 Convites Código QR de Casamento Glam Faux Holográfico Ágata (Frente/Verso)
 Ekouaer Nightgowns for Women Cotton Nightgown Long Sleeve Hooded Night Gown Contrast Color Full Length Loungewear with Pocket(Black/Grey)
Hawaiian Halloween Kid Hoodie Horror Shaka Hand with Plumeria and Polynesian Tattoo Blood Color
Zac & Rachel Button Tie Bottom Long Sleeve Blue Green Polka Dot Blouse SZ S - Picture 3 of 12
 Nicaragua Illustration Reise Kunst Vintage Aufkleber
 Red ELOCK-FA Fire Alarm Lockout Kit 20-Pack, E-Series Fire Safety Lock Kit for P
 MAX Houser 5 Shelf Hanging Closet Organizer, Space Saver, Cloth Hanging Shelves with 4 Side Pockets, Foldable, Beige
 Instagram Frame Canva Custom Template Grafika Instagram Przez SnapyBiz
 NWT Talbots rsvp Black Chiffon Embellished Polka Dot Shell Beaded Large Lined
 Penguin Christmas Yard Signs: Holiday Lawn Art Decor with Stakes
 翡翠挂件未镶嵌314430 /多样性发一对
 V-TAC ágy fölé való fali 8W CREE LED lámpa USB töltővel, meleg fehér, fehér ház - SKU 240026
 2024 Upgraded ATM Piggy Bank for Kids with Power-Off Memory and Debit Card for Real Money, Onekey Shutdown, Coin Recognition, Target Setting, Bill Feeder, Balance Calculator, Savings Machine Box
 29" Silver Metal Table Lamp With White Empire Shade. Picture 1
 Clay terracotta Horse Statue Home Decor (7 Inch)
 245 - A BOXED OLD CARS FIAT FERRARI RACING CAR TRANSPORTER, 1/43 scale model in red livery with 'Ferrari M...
=====
WHAT YOU WILL DO: Find all lines in the records that hold the word "Long". Copy them.

REPLY TO THE EXERCISE:
 Ekouaer Nightgowns for Women Cotton Nightgown Long Sleeve Hooded Night Gown Contrast Color Full Length Loungewear with Pocket(Black/Grey)
Zac & Rachel Button Tie Bottom Long Sleeve Blue Green Polka Dot Blouse SZ S - Picture 3 of 12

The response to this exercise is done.